Sebelumnya, sudah ada Kendeng di Jawa Tengah, Luwuk di Manggarai Timur, Tumpang pitu di Banyuangi, dan banyak lagi di wilayah lainnya yang berakhir tragis. Penambangan terus berlanjut meski menuai penolakan dan gerakan massa. Namun, nasib Sangihe masih dipertaruhkan. Entah, akan berakhir seperti wilayah lainnya atau tidak.

Rencana pembangunan Industri tambang emas di Sangihe tentu menimbulkan permasalahan yang merambat kemana-mana. Sebagai kawasan lindung yang berfungsi menjaga ekosistem biota hayati, penambangan akan mengancam ekosistem flora dan fauna.

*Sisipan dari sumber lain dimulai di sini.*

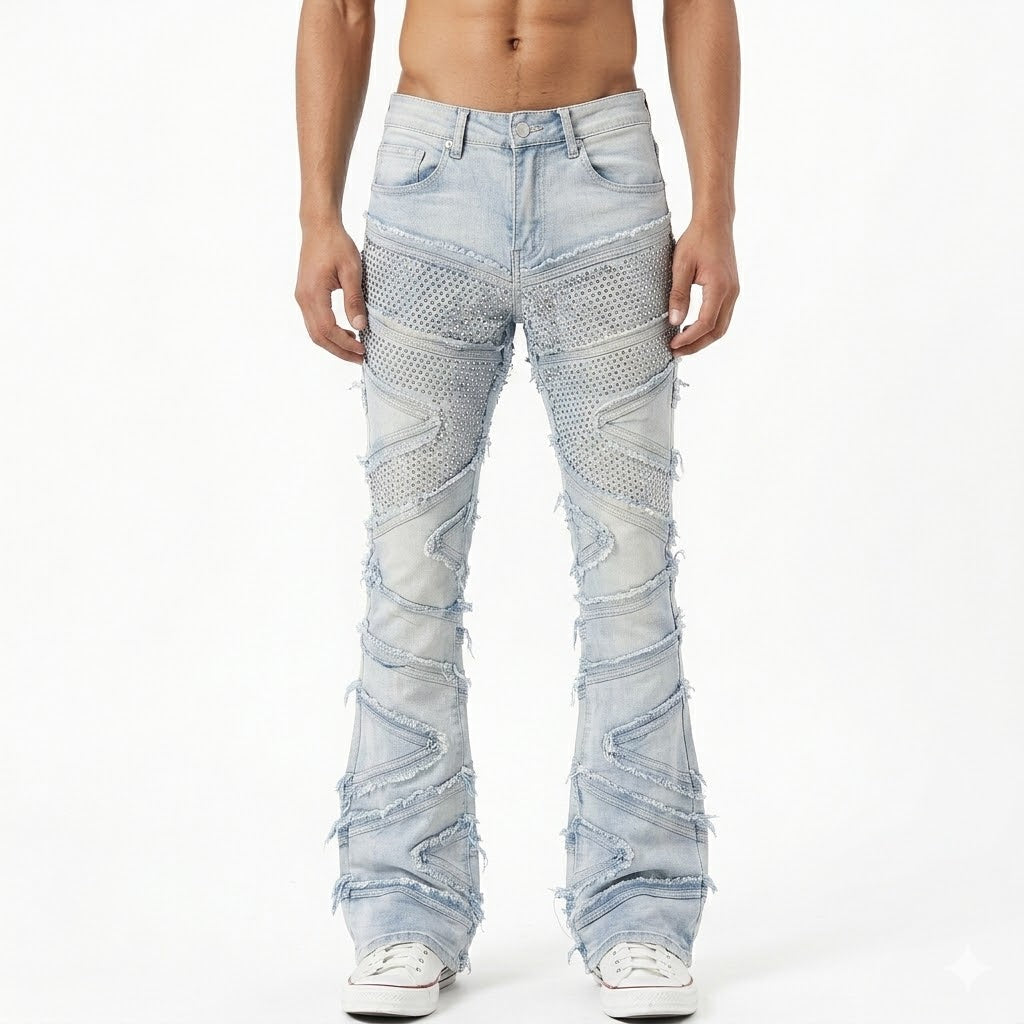 BLEEKER & MERCER Studded Stacked Fit Pants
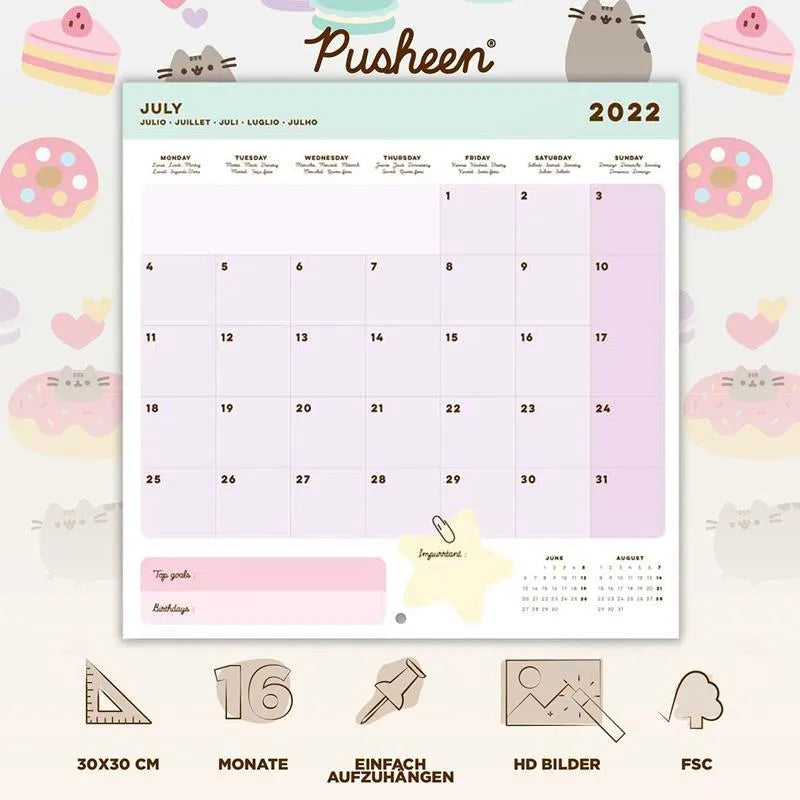 Pusheen - 2022 m. sieninis kalendorius iš „Foodie“ kolekcijos, 30 x 30 cm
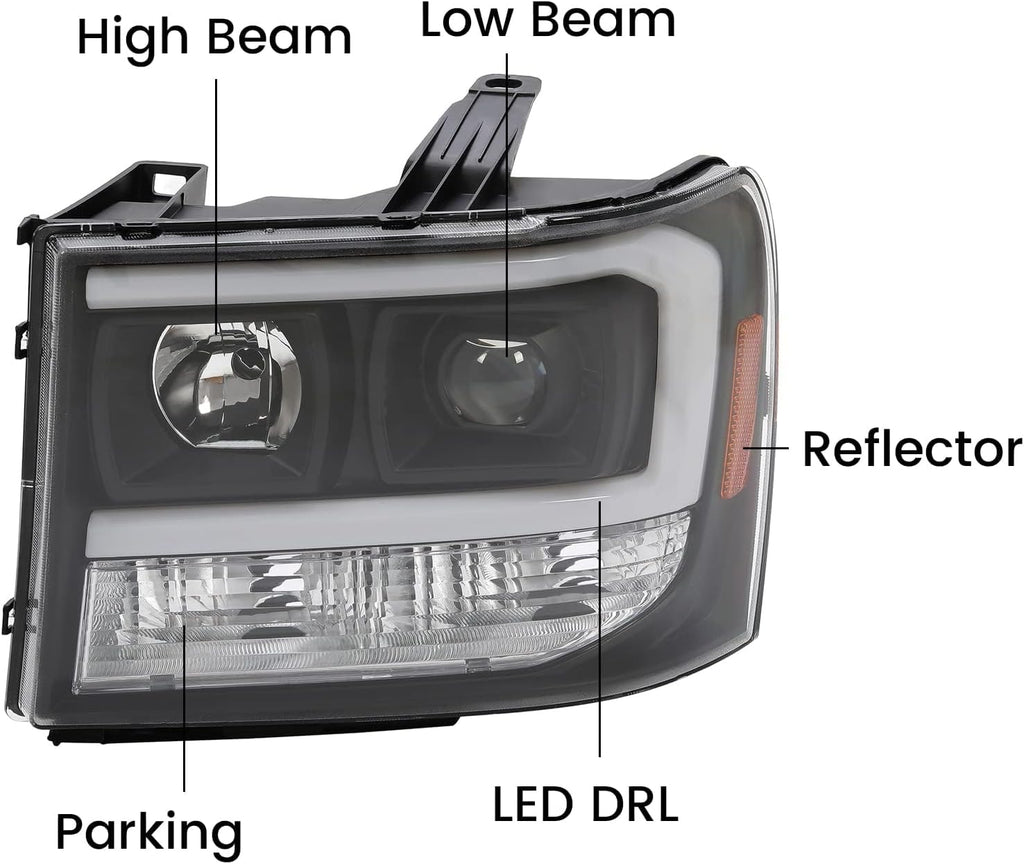 Clear Lens Black Housing LED Projector Headlights H1135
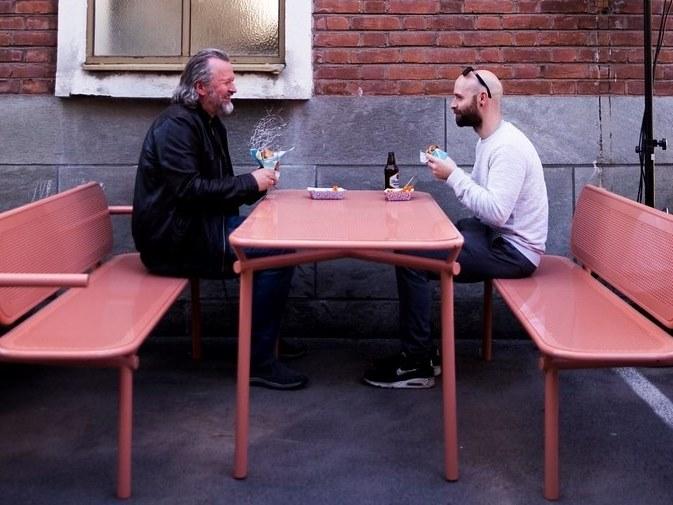 VESTRE Скамья из оцинкованной стали со спинкой Pop sun-id-1353343 - Вид №2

Sangihe juga pulau yang menghasilkan kebutuhan pangan masyarakat dan berbasis ekonomi kerakyatan. Mulai dari hasil perkebunan rakyat dan sumber daya perikanan yang melimpah. Bahkan, Sangihe pernah menjadi penghasil kelapa terbanyak di Sulawesi Utara yang membuat Sangihe dijuluki Bumi Nyiur Melambai.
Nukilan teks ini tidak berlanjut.